My earliest weather instruments included old soft drink bottles cut in half to act as basic rain gauges and simple min/max thermometer hung on north facing walls, but as time has gone by I have endeavoured to improve my recording techniques and now try to keep as close to Met. Office standards as our current sites allow. All of this scientific equipment didn’t come cheap but since the weather is my most enduring passion it has definitely been worth it, my Stevenson screen and the carefully maintained instruments within being among my most cherished of worldly possessions.
THE WEATHER STATION
Our traditional and manually recorded weather station is located in a moderately wooded area on the edge of Beverley in central East Yorkshire, standing at an altitude of approximately 20 metres above sea level and some 12 miles away from the North Sea coast. It is on the western edge of the area known as Holderness, a largely flat plain which extends eastwards from the Yorkshire Wolds to the North Sea, and in common with most of this area enjoys a relatively sheltered and temperate climate with few extremes from one season to the next.

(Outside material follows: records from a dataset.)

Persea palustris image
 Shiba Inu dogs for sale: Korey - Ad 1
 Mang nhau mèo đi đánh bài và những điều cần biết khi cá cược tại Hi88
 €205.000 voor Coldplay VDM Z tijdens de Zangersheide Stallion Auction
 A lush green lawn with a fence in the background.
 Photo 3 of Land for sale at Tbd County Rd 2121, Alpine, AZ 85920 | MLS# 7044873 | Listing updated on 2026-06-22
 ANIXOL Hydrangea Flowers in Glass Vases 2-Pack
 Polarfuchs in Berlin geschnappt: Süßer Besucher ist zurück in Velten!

The weather station as of 2016 utilises a mixture of equipment to monitor the ever-changing weather, with air temperature being recorded by mercury and alcohol/spirit thermometers (mercury for maxima & alcohol for minima temperatures) with all the thermometers being housed within a standard sized Stevenson screen. The screen is of wooden construction and is located within an open location 4 feet above a neatly trimmed lawn with the thermometers being manually read and reset daily at 0900 UT.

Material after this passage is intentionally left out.